### TO DO
Look for the word "BANILA" in the data below, and copy every line that holds it.

### SUPPLIED DATA

════════════════

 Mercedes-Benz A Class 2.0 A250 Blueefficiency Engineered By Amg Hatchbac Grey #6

════════════════

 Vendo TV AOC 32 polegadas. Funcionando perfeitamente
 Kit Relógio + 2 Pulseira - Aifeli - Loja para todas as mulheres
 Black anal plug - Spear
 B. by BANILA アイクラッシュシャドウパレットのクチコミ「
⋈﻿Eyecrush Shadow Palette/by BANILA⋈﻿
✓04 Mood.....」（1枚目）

════════════════

### COMPLETED EXERCISE
 B. by BANILA アイクラッシュシャドウパレットのクチコミ「
⋈﻿Eyecrush Shadow Palette/by BANILA⋈﻿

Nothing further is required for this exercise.